[Web page caption snippets]
━━━━━━

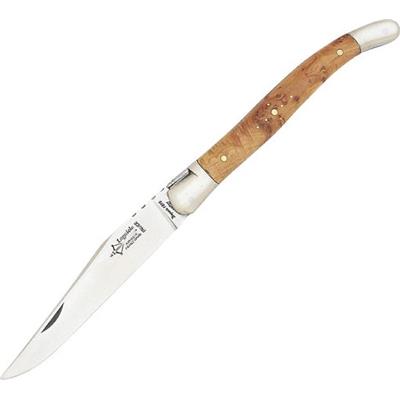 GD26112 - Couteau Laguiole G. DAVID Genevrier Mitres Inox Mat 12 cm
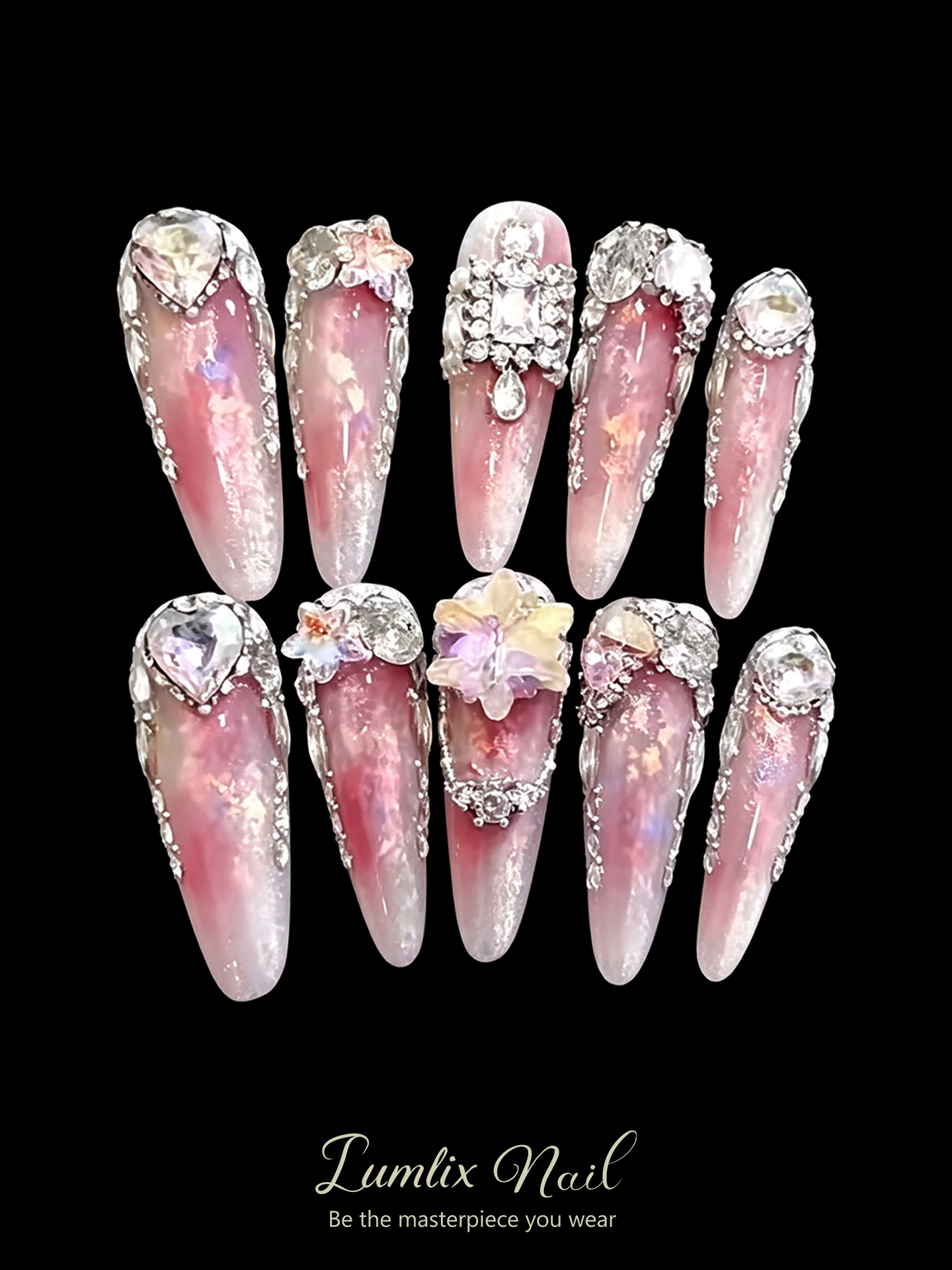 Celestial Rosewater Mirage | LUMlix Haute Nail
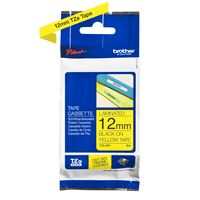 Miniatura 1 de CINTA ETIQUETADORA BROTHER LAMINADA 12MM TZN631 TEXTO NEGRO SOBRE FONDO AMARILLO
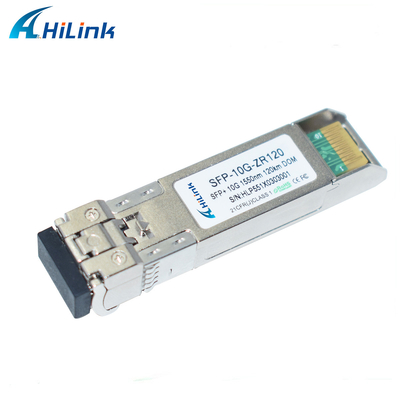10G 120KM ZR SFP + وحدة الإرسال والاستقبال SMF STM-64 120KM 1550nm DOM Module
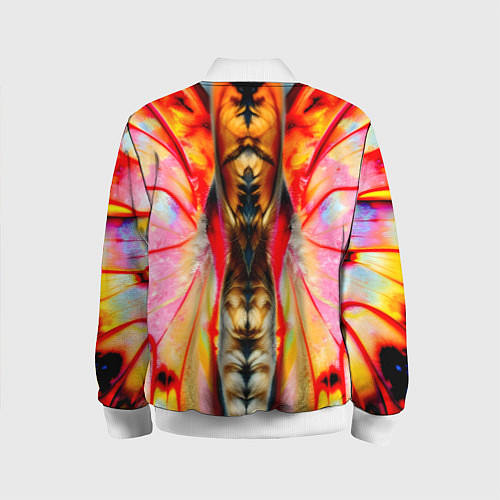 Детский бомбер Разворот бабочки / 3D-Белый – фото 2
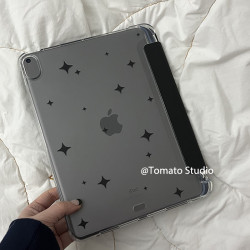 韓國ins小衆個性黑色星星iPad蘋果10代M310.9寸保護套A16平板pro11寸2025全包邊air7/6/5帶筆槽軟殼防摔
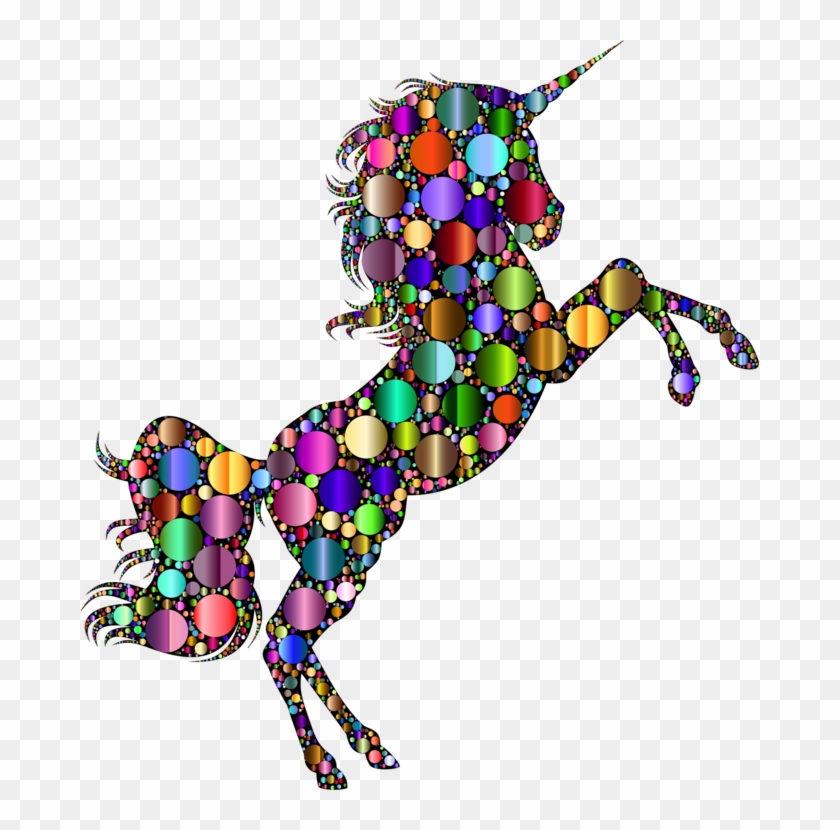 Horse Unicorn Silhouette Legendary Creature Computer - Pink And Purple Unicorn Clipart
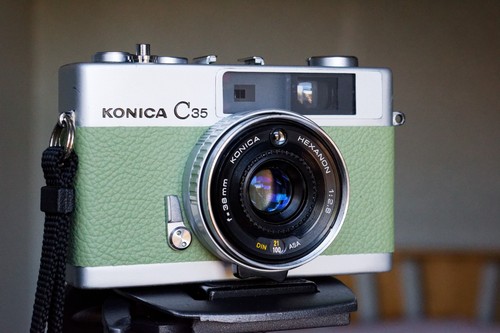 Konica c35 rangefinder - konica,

━━━━━━

[Assignment]:
Please transcribe each entry exactly and exclude any image it contains.

[Output for this task]:
 GD26112 - Couteau Laguiole G. DAVID Genevrier Mitres Inox Mat 12 cm
 Celestial Rosewater Mirage | LUMlix Haute Nail
 Miniatura 1 de CINTA ETIQUETADORA BROTHER LAMINADA 12MM TZN631 TEXTO NEGRO SOBRE FONDO AMARILLO
10G 120KM ZR SFP + وحدة الإرسال والاستقبال SMF STM-64 120KM 1550nm DOM Module
 Детский бомбер Разворот бабочки / 3D-Белый – фото 2
 韓國ins小衆個性黑色星星iPad蘋果10代M310.9寸保護套A16平板pro11寸2025全包邊air7/6/5帶筆槽軟殼防摔
 Horse Unicorn Silhouette Legendary Creature Computer - Pink And Purple Unicorn Clipart
 Konica c35 rangefinder - konica,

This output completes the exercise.